### Directions for this task
Look through the data below for the line with "casa-local en venta en el prado. Cod V102756" and the line with "Butterfly Creek Columbus Estate on 3 Acres!", then transcribe exactly from the first through the second, leaving out all pictures.

### Data in this exercise
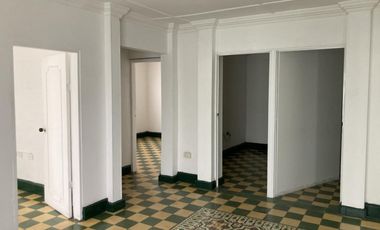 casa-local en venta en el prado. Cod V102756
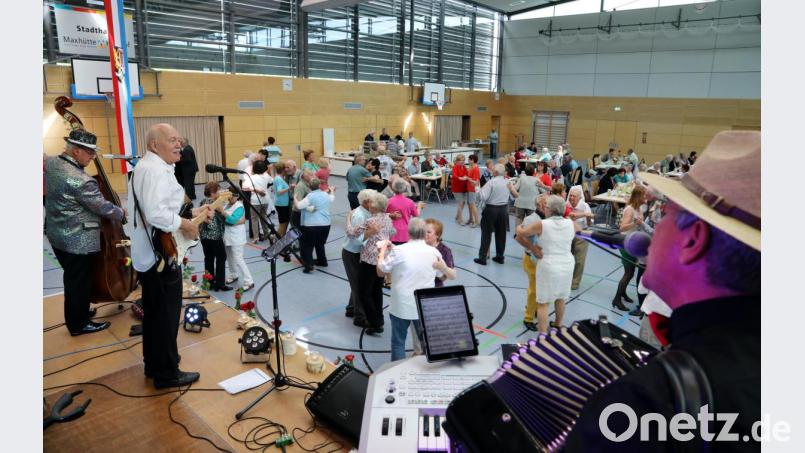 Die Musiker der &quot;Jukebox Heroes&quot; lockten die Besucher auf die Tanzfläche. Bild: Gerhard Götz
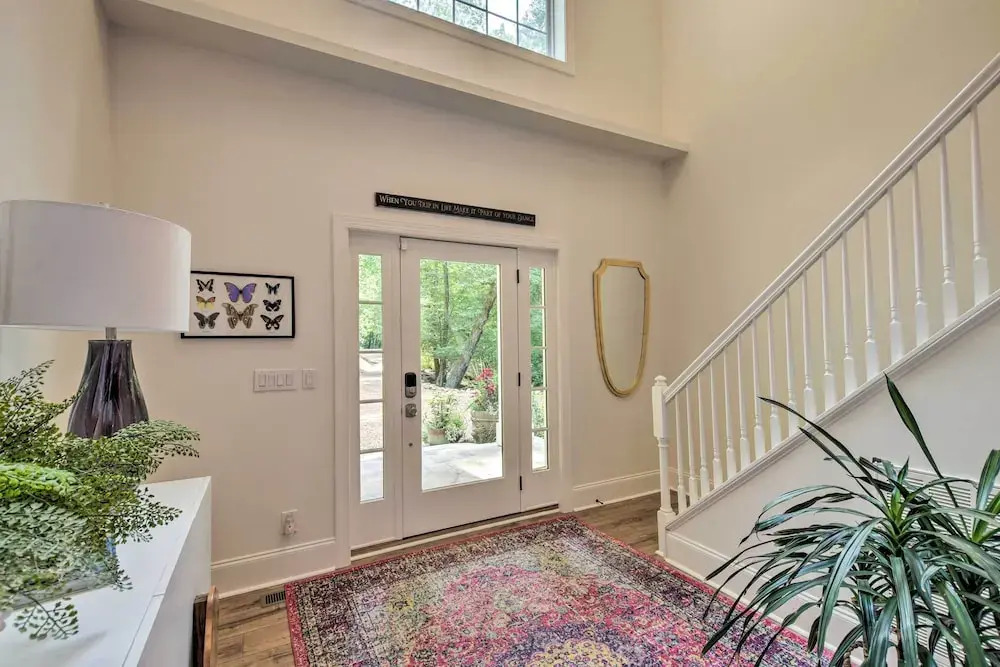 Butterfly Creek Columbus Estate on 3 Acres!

---

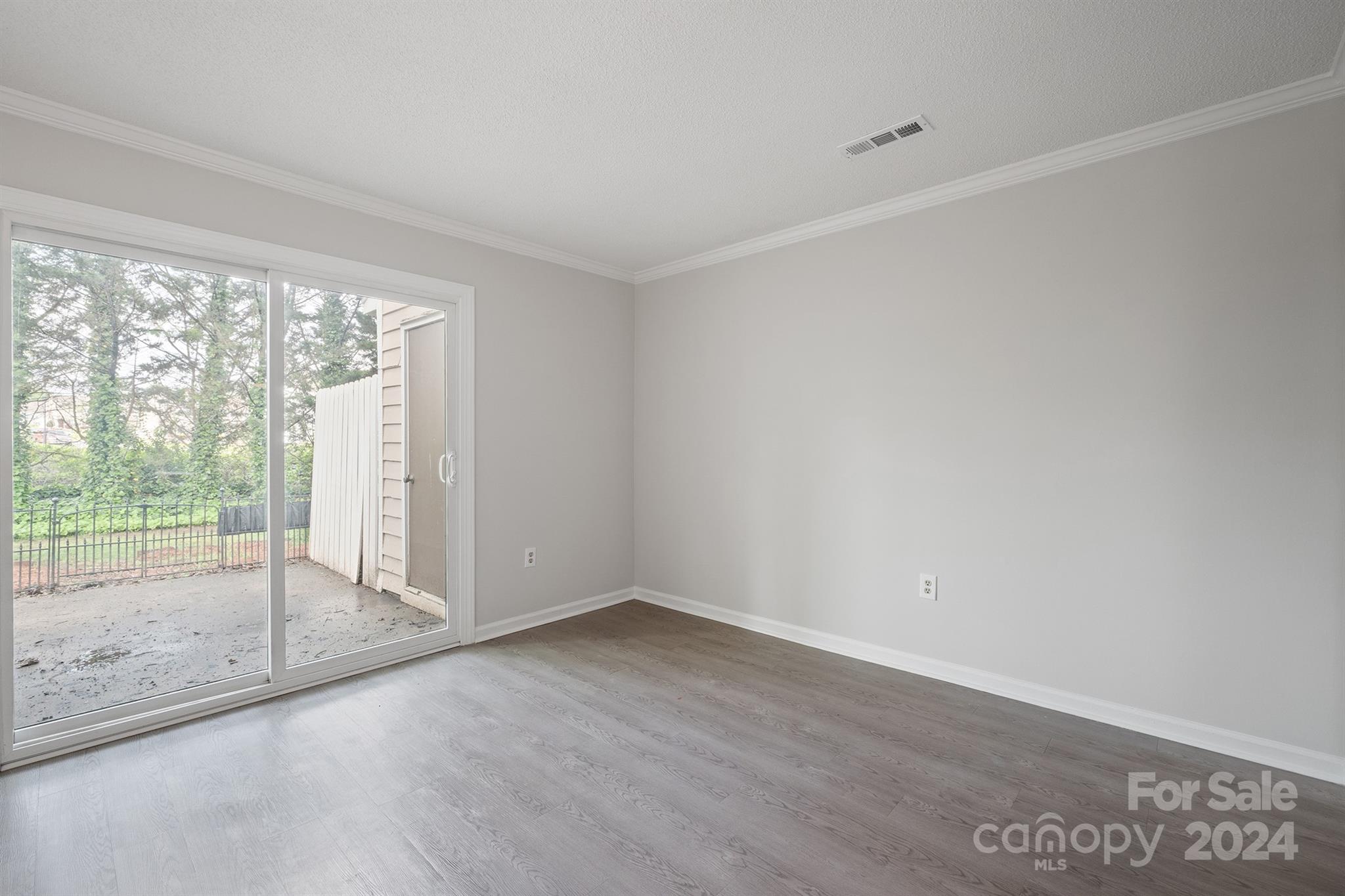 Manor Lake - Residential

### Exercise response
 casa-local en venta en el prado. Cod V102756
 Die Musiker der &quot;Jukebox Heroes&quot; lockten die Besucher auf die Tanzfläche. Bild: Gerhard Götz
 Butterfly Creek Columbus Estate on 3 Acres!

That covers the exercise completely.